Entende-se, assim, a afirmação de Orwell segundo a qual o desdobramento do comunismo na URSS teria sido essencialmente o mesmo com Lênin, Trótski ou Stálin (ou com qualquer outra pessoa que desejasse continuá-lo). Entende-se também por que Hitler, e não um camarada cheio de boas intenções chegou ao poder na Alemanha. Não houve má sorte: quem aceita levar as consequências do totalitarismo até o fim já abdicou, desde há muito, qualquer senso de moral com o qual possamos nos identificar, ainda que vagamente.

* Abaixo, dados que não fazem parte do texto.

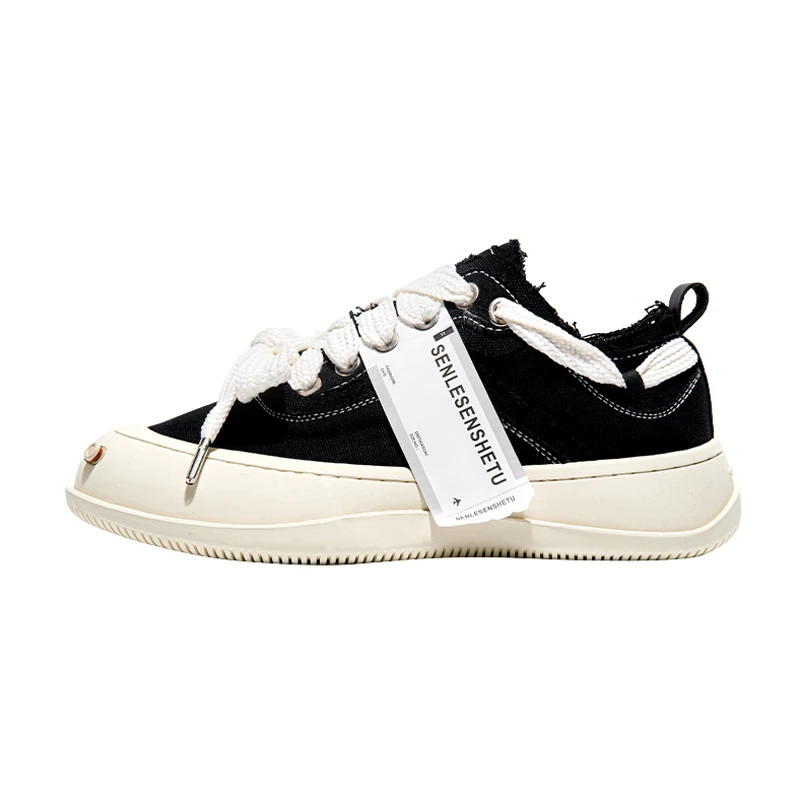 【乞丐帆布鞋】帆布鞋男女款笑脸明星同款厚底起司猫潮牌乞丐鞋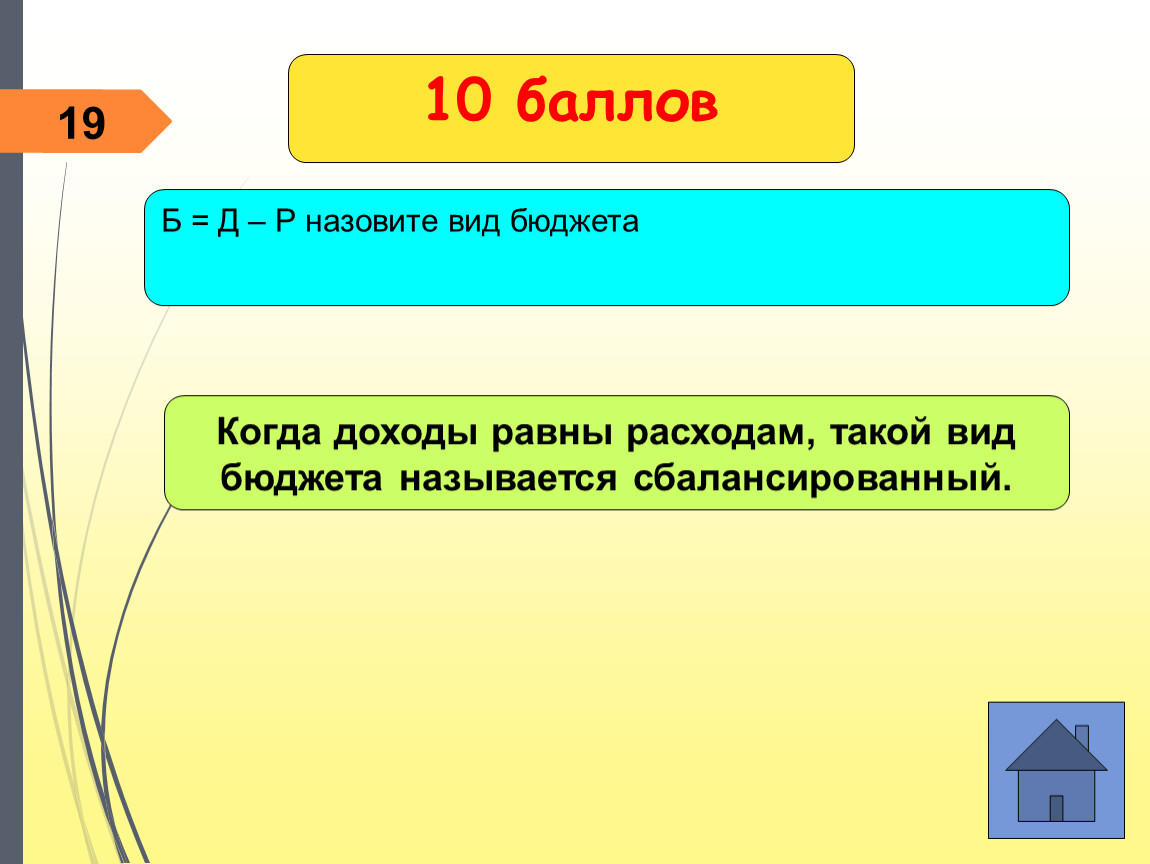 Интерактивная игра по финансовой грамотности 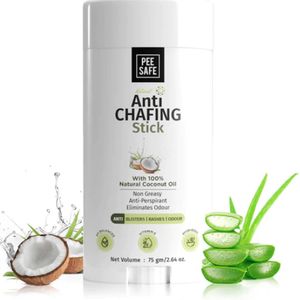 Anti-Schuur (anti-chafing) Stick – Bodycrème - Vermindert/Voorkomt wrijving en irritatie op gevoelige plekken. Inhoud: 75 (!) gram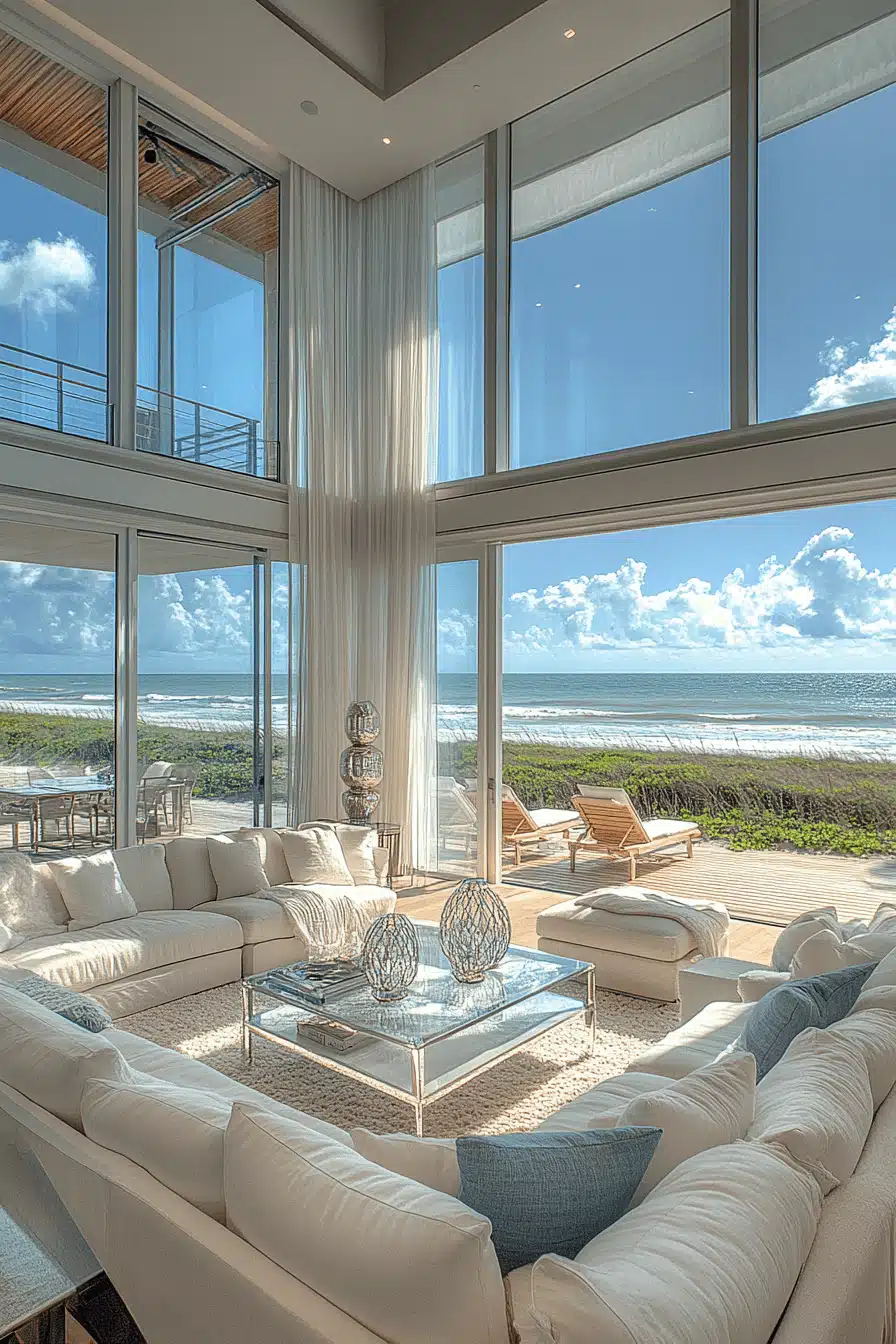coastal cottage living room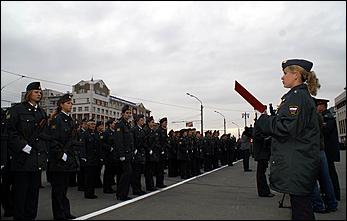 14 октября 2006 г., Барнаул   Присяга курсантов-первокурсников БЮИ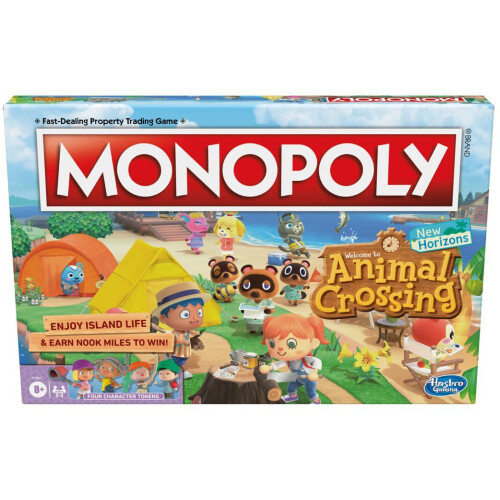 Настольная игра Monopoly Animal Crossing Hasbro
Настольная игра Monopoly Animal Crossing Hasbro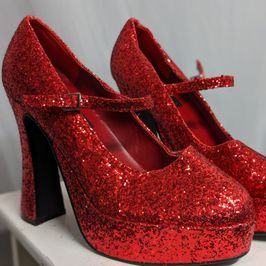 Pleaser Maryjane red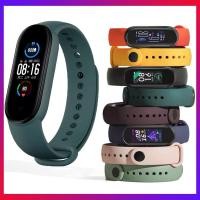 ราคา สายซิลิโคน Xiaomi Mi Band 5 strap replacement silicone wriststrap for xiaomi mi band 5 smart bracelet (9175360956)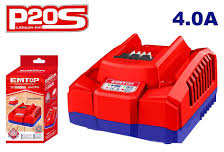 EMTOP Battery Charger 21V, Single Port 4A, Compatible With IMETOP P20S Tools EFCR20411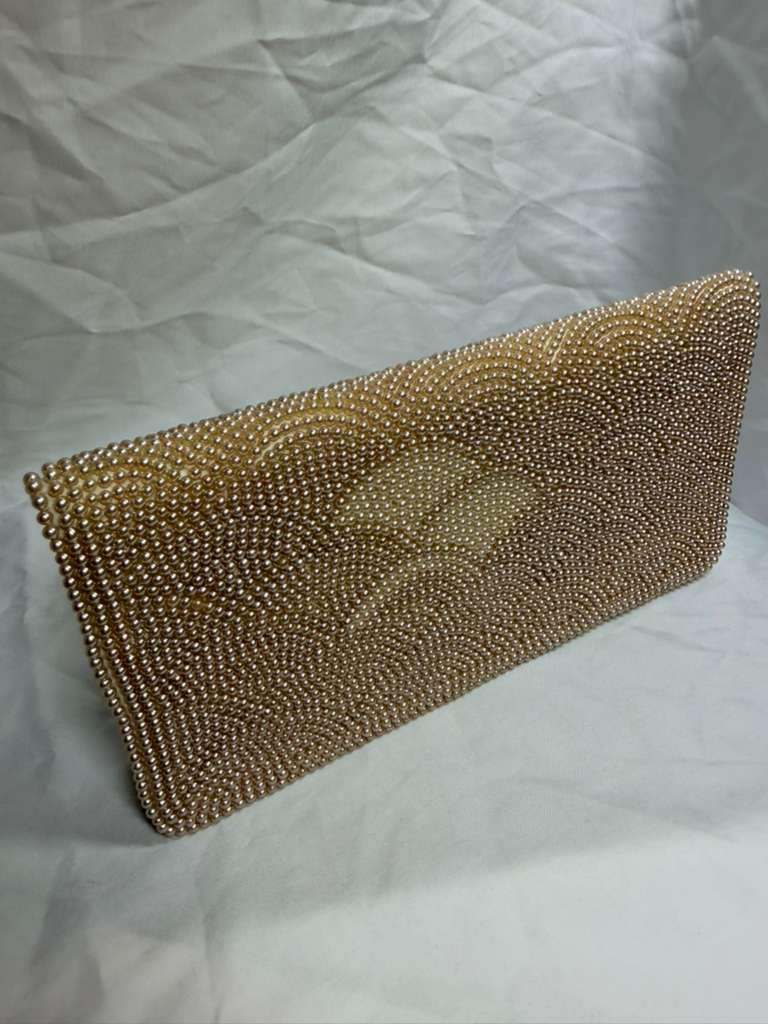 Vintage Fine Arts Bag Co. Pearl Beaded Evening Clutch – Made in Japan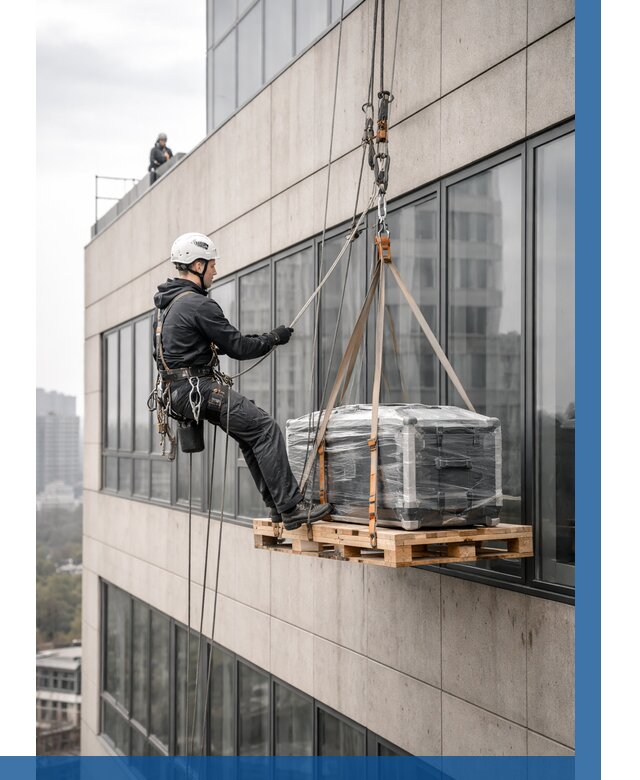 Спуск груза по фасаду в Белорецке от 3548 р. | ВЫСОТНИК-Блр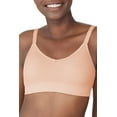 thumbnail image 2 of Amoena Womens Eliza Wire-Free Front Closure Pocketed Mastectomy Bra - Comfortable, Adjustable Wide Straps Rose Nude X-Large, 2 of 3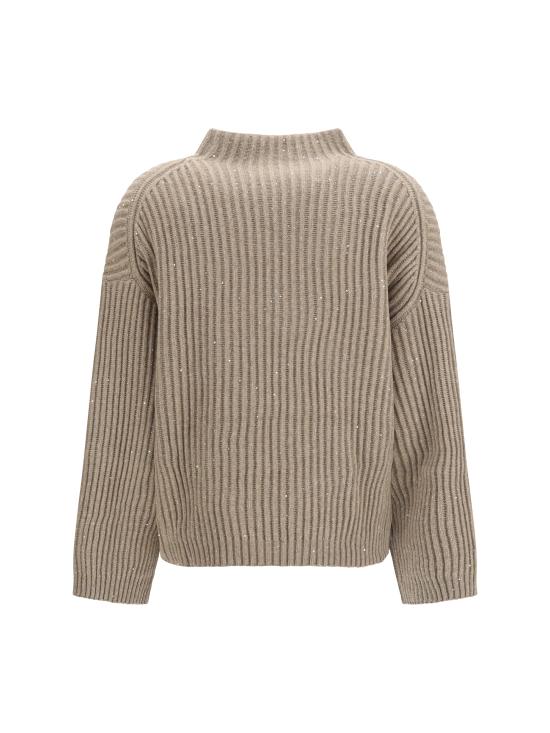 26FW 브루넬로 쿠치넬리 스웨터 MBM753504 C506 BEIGE - BRUNELLO CUCINELLI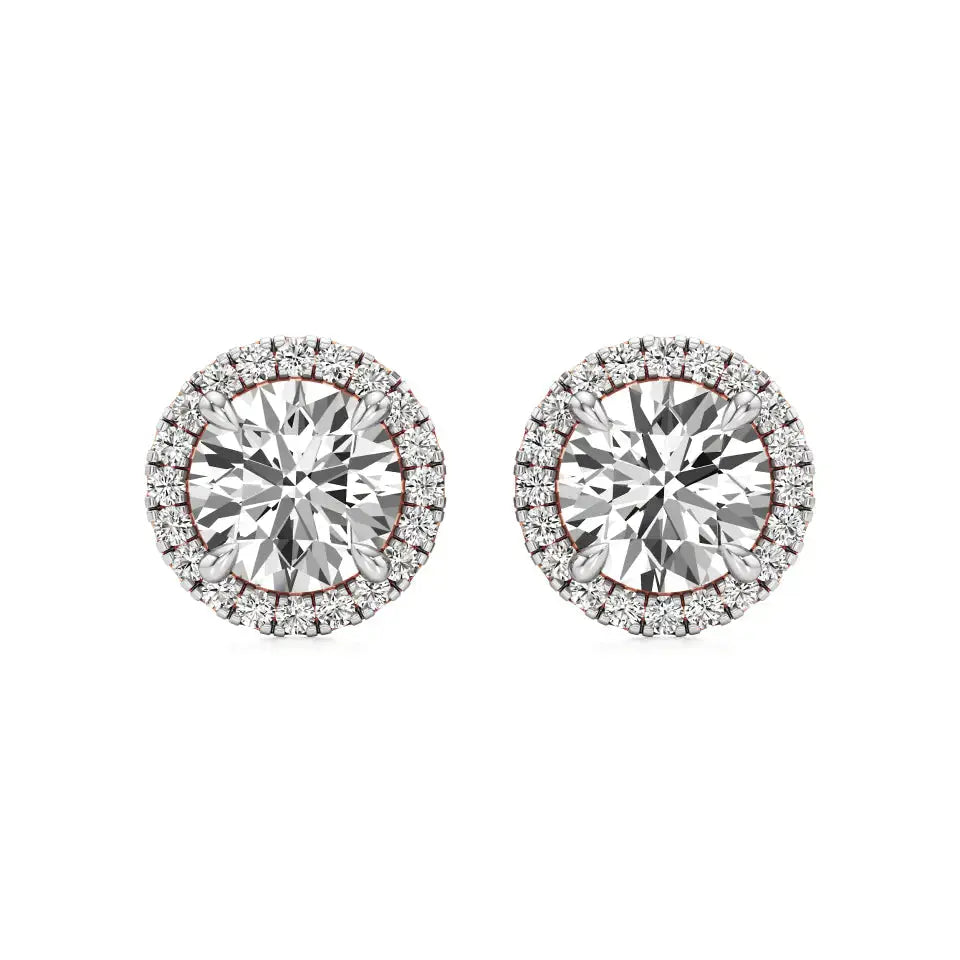 Sol | Round Solitaire with Halo Studs - Nivara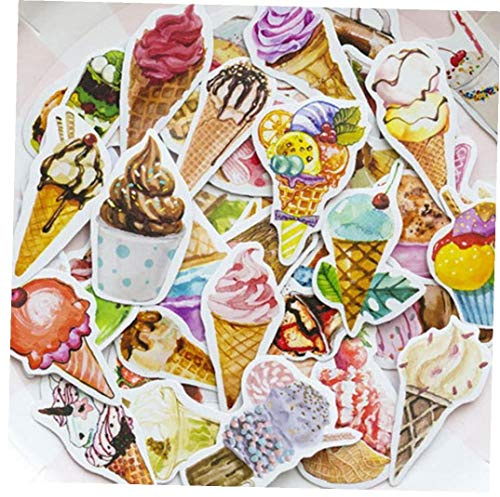 Beito 50pcs / Pack Eiscreme Getränk Stationery Sticker Scrapbooking Planer Journal Tagebuch Dekorative Etikett Kinder DIY Craft Aufkleber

Outro erro bastante comum consiste em distanciar socialismo e nazismo. Mais uma vez, trata-se de erro que persiste até os dias de hoje; vemos aí, como exemplo, o so-called Livro Negro do Capistalismo, que nos faz o favor de confessar sua burrice ao creditar todas as mortes das duas guerras mundiais ao capitalismo. Basta recorrer à opinião dos próprios socialistas (ou coletivistas, ou comunistas, ou nazistas...): à época da primeira grande guerra, não eram poucos os teóricos socialistas que entendiam o conflito como um confronto entre a Alemanha coletivista e a Inglaterra individualista. Se é assim, as mortes são responsabilidade de um lado tanto quanto são do outro. Ninguém menos que Hitler, num discurso de 1941, afirmou que nazismo e comunismo são "essencialmente a mesma coisa". Outra evidência disso é o fato de que muitos fascistas eram ex-socialistas, incluindo o próprio Mussolini:
Everyone who has watched the growth of these movements in Italy or in Germany has been struck by the number of leading men, from Mussolini downward (and not excluding Laval and Quisling), who began as socialists and ended as Fascists or Nazis. And what is true of the leaders is even more true of the rank and file of the movement. The relative ease with each a young communist could be converted into a Nazi or vice versa was generally known in Germany, best of all to the propagandists of the two parties.
Há fortes motivos para acreditar que o pacto Germano-Soviético de 1939, que todo professorzinho de História adora creditar exclusivamente à conveniência das circunstâncias, reflete um entendimento bastante aprofundado entre os dois lados. A verdade é que nazismo e comunismo são manifestações de um mesmo ideário coletivista, que confia no solapamento das liberdades individuais e na concentração de poder para atingir seus fins, que são, independentemente de quem as lidera, autoritários e deficientes de qualquer norte moral inteligível à civilização que convencionamos chamar ocidental.

Também seria o caso de acabar com o mito de que o liberalismo defenderia um Estado inoperante. Essa idéia é tão arraigada que Meira Penna sentiu a necessidade de nos advertir que o termo socioliberalismo não passa de uma tautologia: a intervenção estatal, desde que controlada de maneira a não invadir a soberania individual, é, sim, prevista e recomendada pelo liberalismo. Naturalmente, Hayek fala disso também. The Road to Serfdom é um dos poucos livros que mereceriam o título de leitura obrigatória em qualquer país. É o tipo de livro que evita toda uma biblioteca de erros.